**Extracted data entries**
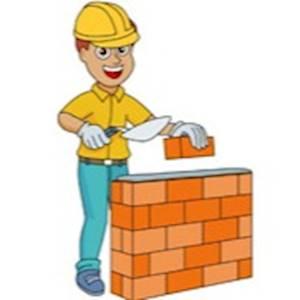 Help Christian Social Services (CMR East London) by Purchasing cement slabs and fix the outside for damaged wall at CMR offices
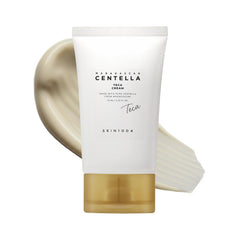[ Skin1004 ] Madagascar Centella Teca Cream 75ml / 2.53 fl.oz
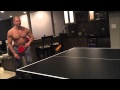 PRObliner Ping Pong BATTLE!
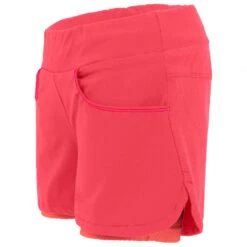 SALEWA Girl's Agner DST Shorts - Shorts -Berg Freunde Bekleidung Geschaft salewa girls agner dst shorts shorts detail 3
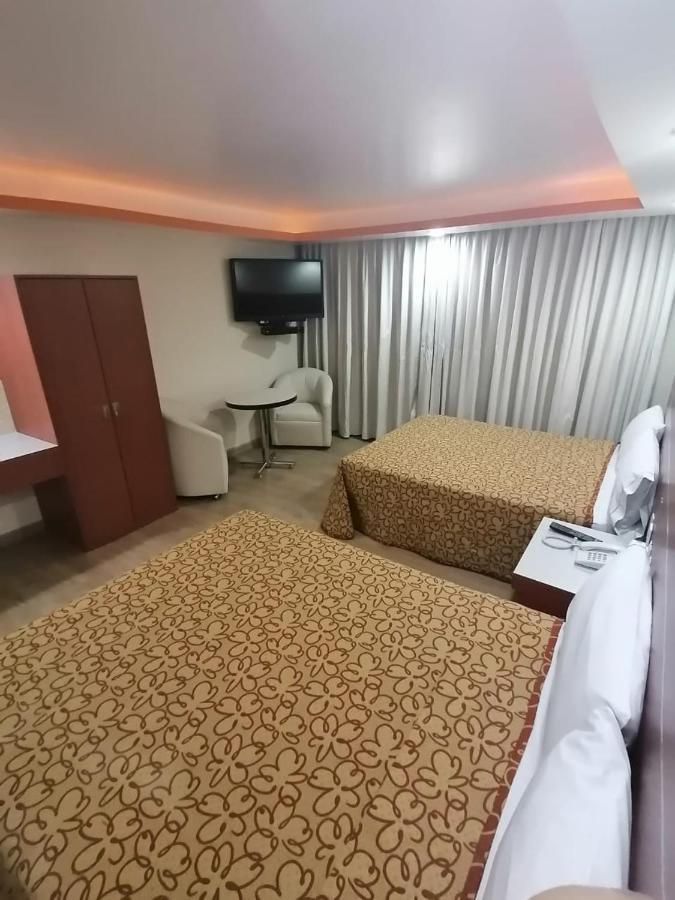 Hotel Corona Real Mexico By Eksteriør billede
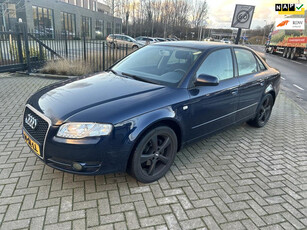 Audi A4 Limousine 2.0 Pro Line Business 2006! Climatronic! EXPORT!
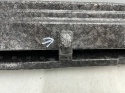 Absorber zderzaka Skoda Octavia 4 IV Lift 24r.- przednia belka pianka styropian przód 5e3807248j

**Work task**
What you return should match the records above word for word, minus the pictures.

**Response area**
 Help Christian Social Services (CMR East London) by Purchasing cement slabs and fix the outside for damaged wall at CMR offices
[ Skin1004 ] Madagascar Centella Teca Cream 75ml / 2.53 fl.oz
 PRObliner Ping Pong BATTLE!
 SALEWA Girl's Agner DST Shorts - Shorts -Berg Freunde Bekleidung Geschaft salewa girls agner dst shorts shorts detail 3
 Hotel Corona Real Mexico By Eksteriør billede
 Audi A4 Limousine 2.0 Pro Line Business 2006! Climatronic! EXPORT!
 Absorber zderzaka Skoda Octavia 4 IV Lift 24r.- przednia belka pianka styropian przód 5e3807248j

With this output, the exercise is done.